Archive for June, 2004

I wonder why we’re supposed to flip the flag up on our mailboxes when we have outgoing mail. Is it to let the mailman know that there’s mail in there for him to pick up? If that’s the case, then why bother with a flag? Isn’t he just going to open it anyway to drop off your mail?

Maybe the flag is there to let US know when the mail has arrived. But then it becomes useless on days when you have no outgoing mail.

What’s the story there, huh?

18 MB of MUST SEE VIDEO. Genius asian kid TEARS UP a piano with nothing but Super Mario music. It’s amazing, incredible, stupendous, and wonderful. Watch the whole thing. The finale is so fast that I think he’s a robot.

Since the PS2 hard drive was introduced in March, only two applications that use it have seen the light of day: Final Fantasy XI Online and the infamous HD Loader.

Someone spilled the beans over at the official PlayStation2 HDD message board about HD Loader, and it’s now full of locked threads and mass hysteria. You really need to dig to find any questions about Final Fantasy.

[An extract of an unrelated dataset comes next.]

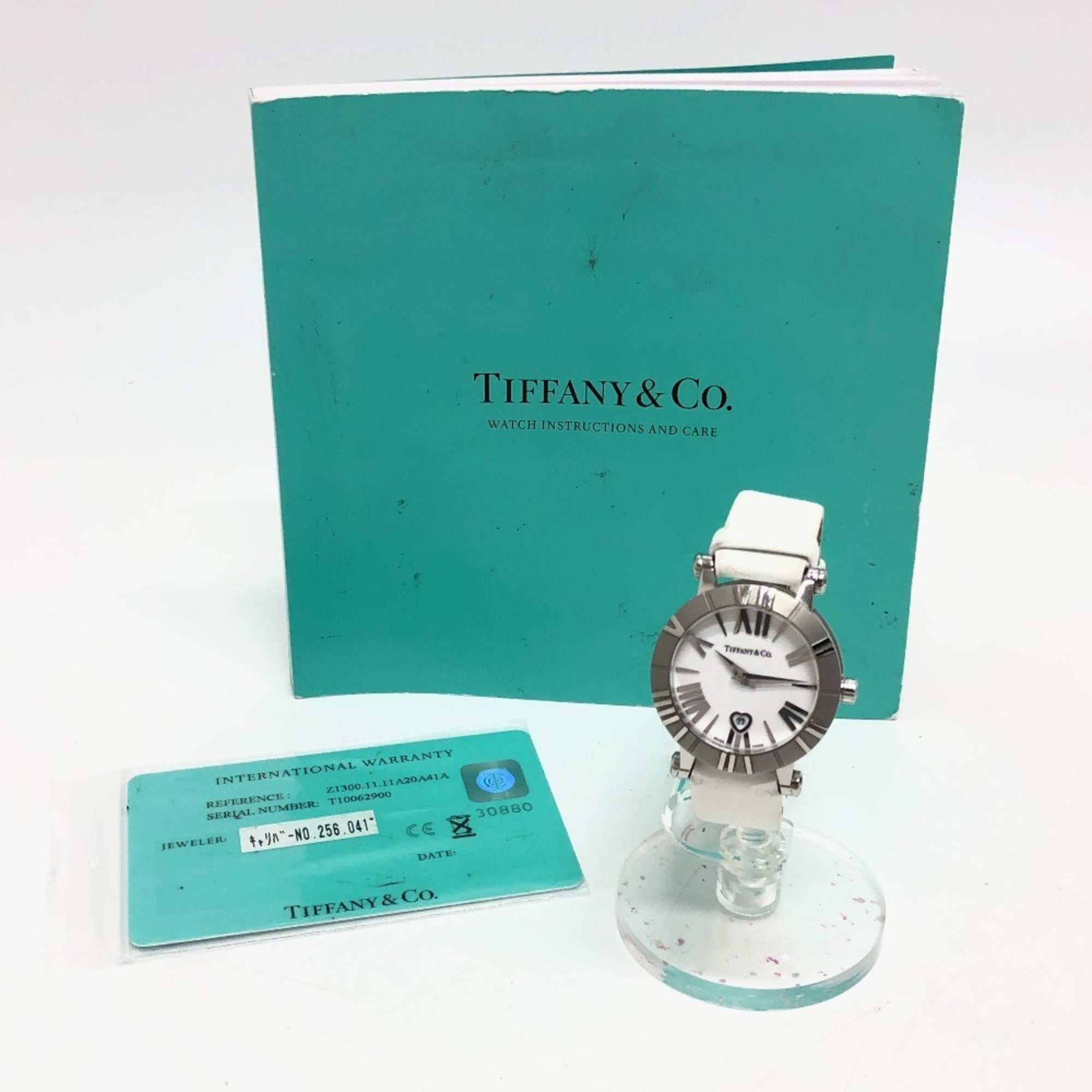 TIFFANY & Co. Z1300.11.11A20A41A White Ceramic Atlas Quartz Date Watch with Stainless Steel and Leather Strap, Silver — Good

If you haven’t ordered a copy yet for yourself, you may not be able to for much longer now that it’s on Sony’s radar. Divineo has proven itself to be an incompetent reseller, so your best bet is to try an alternate source.

A man just came up to me with a parrot on his arm and asked me for a pair of pliers.

Just another day at the office!

I was up way too late last night watching Big Bucks: The Press Your Luck Scandal. I never knew about it until now, and boy howdy Michael Larsen is my new hero.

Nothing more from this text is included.